= Task goal =
Write out, unchanged, the lines from the one holding "vidaXL Τραπέζι Μπαρ" to the close of the listing. Both the first and last lines belong in it.

= Extracted information =
------------

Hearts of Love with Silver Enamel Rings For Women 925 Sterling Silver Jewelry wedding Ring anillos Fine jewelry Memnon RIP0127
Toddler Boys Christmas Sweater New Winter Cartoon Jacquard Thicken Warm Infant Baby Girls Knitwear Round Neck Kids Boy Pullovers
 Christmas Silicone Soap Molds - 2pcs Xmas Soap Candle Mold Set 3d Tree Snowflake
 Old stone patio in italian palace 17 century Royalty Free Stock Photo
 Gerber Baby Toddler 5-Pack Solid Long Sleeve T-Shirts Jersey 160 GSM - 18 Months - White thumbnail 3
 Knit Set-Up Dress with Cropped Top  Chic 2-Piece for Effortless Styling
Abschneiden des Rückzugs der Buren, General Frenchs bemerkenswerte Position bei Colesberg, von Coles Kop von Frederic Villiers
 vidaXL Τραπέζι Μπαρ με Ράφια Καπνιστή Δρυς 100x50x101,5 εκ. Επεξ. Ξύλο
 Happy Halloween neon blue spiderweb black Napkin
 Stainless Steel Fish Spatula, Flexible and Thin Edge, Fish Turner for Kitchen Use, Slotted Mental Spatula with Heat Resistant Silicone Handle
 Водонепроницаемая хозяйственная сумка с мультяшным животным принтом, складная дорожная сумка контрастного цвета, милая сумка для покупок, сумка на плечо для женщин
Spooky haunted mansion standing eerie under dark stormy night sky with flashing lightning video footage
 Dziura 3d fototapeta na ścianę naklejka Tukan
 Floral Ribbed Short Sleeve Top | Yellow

------------

= Output =
 vidaXL Τραπέζι Μπαρ με Ράφια Καπνιστή Δρυς 100x50x101,5 εκ. Επεξ. Ξύλο
 Happy Halloween neon blue spiderweb black Napkin
 Stainless Steel Fish Spatula, Flexible and Thin Edge, Fish Turner for Kitchen Use, Slotted Mental Spatula with Heat Resistant Silicone Handle
 Водонепроницаемая хозяйственная сумка с мультяшным животным принтом, складная дорожная сумка контрастного цвета, милая сумка для покупок, сумка на плечо для женщин
Spooky haunted mansion standing eerie under dark stormy night sky with flashing lightning video footage
 Dziura 3d fototapeta na ścianę naklejka Tukan
 Floral Ribbed Short Sleeve Top | Yellow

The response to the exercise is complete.